Protest against state budget cuts aims for the heartstrings

Things got personal on the steps of Tweed Courthouse today as parents, advocates and elected officials protested budget cuts by sharing stories and photographs of specific children affected.

Summer Lord said her two children were “sandwiched in like a sardine, elbow-to-elbow with 34 other students” in over-capacity classrooms at P.S./I.S. 217 on Roosevelt Island. Millie Vargas’s daughter is passionate about the violin, and according to Vargas, a looming cut of approximately $150,000 to P.S. 73 threatens her daughter’s music class.

And Angela Courtney told me her daughter came home two days ago crying that an after school baking class she had joined at P.S. 35 had been abruptly cut.

These mothers were among the crowd of protesters waving black and white photographs of their children and neon posters markered with sayings like “What happens in Albany doesn’t stay in Albany” and “School cuts hurt.”

The New York City protest was one of eight similar protests taking place across the state today aimed at the $1.3 billion slashes from the state’s education funds.

In their speeches, advocates outlined the consequences of dwindling school funds.
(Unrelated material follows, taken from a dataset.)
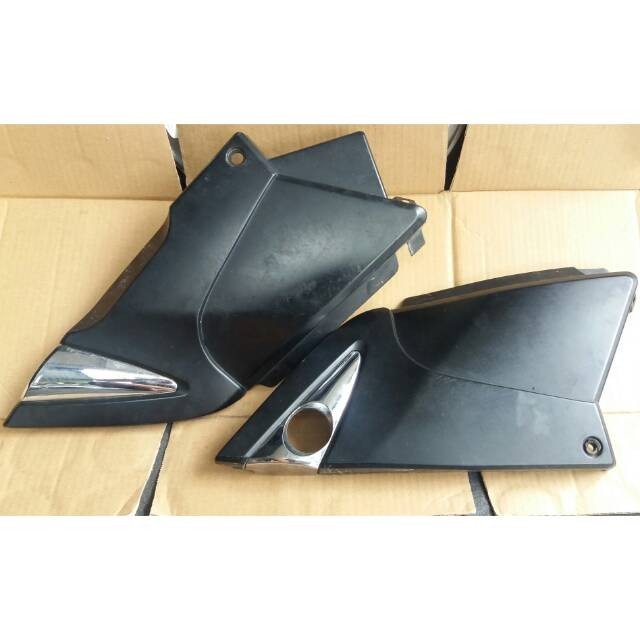 Kempolan tutup aki tiger revo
Leonie Haimson, of Class Size Matters, lamented about bulging class sizes; Carlos Ruis, the Parent Association president at the High School for Law, Advocacy and Community Justice, spoke about the possibility of losing the parent coordinator at his school; Santos Crespo, president of Local 372, addressed the looming school aide layoffs; others spoke about the affects on after school, teachers and arts programs.

“They’re not just numbers to us, these are our kids. How can you look at these faces and say cuts don’t hurt?” said Zakiyah Ansari, a parent organizer with the Coalition for Educational Justice.